**Task goal**
Retype exactly the lines from the one that contains "photo_2020-03-22_23-15-05" through the final line of the material below, and add nothing else.
** Data section follows **
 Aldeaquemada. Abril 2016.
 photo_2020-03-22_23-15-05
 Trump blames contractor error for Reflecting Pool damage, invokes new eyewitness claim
** End of Data section **
**Written answer**
 photo_2020-03-22_23-15-05
 Trump blames contractor error for Reflecting Pool damage, invokes new eyewitness claim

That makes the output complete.